Would you return the lines between the one holding "水彩松エレガント墨墨書聖クリスマス スタンダードカクテルナプキン (正面)" and the one holding "Vaikiškas Eva Thomson", inclusive, and only those, exactly as they stand in the listing below?

======

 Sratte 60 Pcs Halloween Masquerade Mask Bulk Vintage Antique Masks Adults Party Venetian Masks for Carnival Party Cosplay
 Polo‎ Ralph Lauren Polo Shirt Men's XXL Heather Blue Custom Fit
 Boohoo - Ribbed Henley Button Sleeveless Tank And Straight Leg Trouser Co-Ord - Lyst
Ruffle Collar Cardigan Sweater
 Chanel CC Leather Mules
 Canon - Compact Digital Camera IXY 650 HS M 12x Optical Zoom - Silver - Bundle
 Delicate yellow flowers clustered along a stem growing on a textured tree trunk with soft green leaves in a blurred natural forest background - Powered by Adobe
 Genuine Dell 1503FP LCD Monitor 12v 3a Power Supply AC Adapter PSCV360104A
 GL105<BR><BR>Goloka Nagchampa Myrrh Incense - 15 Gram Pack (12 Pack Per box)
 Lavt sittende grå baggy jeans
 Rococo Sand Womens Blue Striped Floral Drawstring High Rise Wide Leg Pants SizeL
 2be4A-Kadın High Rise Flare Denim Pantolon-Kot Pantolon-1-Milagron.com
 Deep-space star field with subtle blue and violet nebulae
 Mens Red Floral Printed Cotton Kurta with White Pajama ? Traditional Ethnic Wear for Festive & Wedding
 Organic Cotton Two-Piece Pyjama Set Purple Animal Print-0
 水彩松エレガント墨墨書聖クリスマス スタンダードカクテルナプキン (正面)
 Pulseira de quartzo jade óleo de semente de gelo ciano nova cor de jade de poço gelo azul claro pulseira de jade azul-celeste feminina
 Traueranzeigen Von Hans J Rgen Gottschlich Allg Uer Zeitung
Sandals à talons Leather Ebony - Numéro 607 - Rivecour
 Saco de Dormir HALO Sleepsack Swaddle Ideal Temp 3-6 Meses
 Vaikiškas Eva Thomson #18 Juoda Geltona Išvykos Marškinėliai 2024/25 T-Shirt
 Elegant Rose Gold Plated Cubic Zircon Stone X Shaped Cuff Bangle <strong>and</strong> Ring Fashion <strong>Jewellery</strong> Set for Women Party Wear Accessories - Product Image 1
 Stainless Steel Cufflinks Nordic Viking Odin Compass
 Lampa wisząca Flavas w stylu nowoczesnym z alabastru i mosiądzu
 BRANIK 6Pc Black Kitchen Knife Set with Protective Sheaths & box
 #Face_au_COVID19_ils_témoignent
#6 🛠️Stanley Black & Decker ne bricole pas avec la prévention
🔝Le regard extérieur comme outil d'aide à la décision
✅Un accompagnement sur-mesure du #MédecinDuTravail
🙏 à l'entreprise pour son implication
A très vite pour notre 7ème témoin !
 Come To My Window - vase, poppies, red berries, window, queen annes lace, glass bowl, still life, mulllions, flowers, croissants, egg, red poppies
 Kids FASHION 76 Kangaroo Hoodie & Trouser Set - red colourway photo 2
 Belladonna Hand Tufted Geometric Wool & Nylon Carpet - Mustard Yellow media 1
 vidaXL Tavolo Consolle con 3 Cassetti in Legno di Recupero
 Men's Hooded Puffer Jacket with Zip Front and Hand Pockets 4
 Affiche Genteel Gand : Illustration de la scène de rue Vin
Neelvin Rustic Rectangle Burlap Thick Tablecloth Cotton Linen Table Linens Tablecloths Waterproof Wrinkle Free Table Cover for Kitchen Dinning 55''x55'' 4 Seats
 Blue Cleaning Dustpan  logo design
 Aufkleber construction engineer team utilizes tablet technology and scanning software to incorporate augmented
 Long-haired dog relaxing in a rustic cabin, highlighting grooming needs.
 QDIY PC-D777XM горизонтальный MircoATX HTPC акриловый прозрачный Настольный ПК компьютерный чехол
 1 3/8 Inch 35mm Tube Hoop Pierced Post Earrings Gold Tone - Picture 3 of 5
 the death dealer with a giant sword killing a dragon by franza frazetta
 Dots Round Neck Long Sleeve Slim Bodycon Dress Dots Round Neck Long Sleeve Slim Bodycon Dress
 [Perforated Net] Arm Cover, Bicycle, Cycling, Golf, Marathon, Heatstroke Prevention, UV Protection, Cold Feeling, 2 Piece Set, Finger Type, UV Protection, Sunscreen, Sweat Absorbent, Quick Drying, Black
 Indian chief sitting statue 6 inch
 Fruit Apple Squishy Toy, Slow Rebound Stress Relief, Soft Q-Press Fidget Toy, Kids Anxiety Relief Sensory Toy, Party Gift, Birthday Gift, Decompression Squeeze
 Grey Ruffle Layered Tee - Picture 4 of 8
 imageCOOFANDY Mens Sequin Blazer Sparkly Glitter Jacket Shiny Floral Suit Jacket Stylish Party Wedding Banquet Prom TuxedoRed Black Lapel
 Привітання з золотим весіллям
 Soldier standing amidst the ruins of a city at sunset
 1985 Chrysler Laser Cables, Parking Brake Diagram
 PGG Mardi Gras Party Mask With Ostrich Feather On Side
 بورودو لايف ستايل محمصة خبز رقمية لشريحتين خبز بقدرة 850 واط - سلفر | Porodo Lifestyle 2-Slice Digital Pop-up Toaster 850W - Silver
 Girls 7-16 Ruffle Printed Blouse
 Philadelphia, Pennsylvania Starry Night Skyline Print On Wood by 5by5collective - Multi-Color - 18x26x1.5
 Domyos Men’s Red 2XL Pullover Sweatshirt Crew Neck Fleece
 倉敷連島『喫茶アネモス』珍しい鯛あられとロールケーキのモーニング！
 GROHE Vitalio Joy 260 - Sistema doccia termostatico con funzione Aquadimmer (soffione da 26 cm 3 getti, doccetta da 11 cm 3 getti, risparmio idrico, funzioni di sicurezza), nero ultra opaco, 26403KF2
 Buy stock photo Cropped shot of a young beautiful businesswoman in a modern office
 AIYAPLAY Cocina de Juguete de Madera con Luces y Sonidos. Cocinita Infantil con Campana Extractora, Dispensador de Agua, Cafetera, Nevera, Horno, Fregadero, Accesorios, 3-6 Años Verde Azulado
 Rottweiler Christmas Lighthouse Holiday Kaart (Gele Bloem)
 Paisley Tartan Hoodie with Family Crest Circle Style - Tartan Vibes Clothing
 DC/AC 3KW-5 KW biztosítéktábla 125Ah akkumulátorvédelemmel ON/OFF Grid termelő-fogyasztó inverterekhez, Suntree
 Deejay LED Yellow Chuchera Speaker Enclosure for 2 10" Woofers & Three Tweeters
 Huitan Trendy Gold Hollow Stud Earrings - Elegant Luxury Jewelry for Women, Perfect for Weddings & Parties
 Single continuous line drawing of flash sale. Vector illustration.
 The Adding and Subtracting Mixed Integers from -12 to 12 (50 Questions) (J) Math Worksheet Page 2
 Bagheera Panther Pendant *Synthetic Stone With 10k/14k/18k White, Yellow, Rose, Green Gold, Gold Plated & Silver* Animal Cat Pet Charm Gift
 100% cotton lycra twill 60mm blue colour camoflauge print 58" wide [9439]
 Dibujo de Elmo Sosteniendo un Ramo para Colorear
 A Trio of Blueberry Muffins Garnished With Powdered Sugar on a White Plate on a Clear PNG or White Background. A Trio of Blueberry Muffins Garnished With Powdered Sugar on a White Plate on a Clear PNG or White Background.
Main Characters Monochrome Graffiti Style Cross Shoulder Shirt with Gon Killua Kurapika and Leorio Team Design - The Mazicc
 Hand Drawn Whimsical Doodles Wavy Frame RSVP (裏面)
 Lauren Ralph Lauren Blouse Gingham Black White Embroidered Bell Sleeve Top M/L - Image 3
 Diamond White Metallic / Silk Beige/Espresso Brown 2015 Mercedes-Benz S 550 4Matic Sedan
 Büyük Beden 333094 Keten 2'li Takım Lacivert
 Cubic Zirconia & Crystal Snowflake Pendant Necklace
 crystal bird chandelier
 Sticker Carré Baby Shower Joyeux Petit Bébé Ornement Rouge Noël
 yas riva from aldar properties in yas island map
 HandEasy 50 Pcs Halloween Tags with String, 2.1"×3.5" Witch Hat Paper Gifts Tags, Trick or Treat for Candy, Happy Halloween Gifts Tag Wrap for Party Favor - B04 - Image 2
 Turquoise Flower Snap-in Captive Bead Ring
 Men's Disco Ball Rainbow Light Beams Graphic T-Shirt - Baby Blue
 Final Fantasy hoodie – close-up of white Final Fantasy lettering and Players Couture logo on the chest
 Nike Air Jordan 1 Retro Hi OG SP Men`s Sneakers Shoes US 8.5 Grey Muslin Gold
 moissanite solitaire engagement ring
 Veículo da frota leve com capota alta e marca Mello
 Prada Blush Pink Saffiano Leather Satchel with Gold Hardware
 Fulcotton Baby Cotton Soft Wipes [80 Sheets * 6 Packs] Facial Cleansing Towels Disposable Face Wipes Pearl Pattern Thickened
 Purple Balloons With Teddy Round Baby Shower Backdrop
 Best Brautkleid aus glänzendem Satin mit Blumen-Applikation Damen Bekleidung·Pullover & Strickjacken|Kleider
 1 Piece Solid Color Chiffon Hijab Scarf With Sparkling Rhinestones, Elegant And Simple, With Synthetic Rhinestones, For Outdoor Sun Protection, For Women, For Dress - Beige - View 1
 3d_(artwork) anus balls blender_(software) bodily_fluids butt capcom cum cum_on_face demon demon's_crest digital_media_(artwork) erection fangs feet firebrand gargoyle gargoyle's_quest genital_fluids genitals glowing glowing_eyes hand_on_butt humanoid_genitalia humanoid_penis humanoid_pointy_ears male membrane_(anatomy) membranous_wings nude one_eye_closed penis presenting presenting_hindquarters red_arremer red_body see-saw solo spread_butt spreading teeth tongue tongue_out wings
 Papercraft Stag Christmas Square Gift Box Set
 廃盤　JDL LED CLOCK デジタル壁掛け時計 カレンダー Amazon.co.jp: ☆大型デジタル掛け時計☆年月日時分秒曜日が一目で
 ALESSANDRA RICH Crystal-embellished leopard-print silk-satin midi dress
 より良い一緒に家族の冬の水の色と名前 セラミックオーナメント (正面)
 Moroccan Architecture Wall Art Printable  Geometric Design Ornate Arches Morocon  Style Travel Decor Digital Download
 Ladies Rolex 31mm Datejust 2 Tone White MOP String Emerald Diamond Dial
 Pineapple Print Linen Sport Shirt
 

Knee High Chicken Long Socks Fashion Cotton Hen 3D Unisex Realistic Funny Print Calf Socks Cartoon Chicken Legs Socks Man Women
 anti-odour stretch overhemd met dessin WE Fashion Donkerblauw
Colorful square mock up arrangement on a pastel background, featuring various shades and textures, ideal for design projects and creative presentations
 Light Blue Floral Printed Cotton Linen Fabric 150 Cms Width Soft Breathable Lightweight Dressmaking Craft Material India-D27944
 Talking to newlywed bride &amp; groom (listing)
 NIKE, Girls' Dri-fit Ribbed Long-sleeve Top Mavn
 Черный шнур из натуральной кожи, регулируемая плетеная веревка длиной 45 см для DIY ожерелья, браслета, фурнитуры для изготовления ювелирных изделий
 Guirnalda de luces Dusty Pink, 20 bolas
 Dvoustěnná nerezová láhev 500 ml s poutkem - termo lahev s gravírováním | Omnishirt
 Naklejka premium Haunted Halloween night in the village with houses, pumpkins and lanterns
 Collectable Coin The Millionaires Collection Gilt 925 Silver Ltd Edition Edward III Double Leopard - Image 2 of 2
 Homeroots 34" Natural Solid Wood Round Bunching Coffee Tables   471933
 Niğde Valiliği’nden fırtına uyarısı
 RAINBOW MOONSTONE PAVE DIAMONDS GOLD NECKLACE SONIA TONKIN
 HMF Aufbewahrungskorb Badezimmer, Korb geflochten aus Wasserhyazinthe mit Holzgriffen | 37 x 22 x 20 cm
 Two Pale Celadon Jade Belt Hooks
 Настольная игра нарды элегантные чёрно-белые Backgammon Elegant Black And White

======

> [Solution for this problem]:
 水彩松エレガント墨墨書聖クリスマス スタンダードカクテルナプキン (正面)
 Pulseira de quartzo jade óleo de semente de gelo ciano nova cor de jade de poço gelo azul claro pulseira de jade azul-celeste feminina
 Traueranzeigen Von Hans J Rgen Gottschlich Allg Uer Zeitung
Sandals à talons Leather Ebony - Numéro 607 - Rivecour
 Saco de Dormir HALO Sleepsack Swaddle Ideal Temp 3-6 Meses
 Vaikiškas Eva Thomson #18 Juoda Geltona Išvykos Marškinėliai 2024/25 T-Shirt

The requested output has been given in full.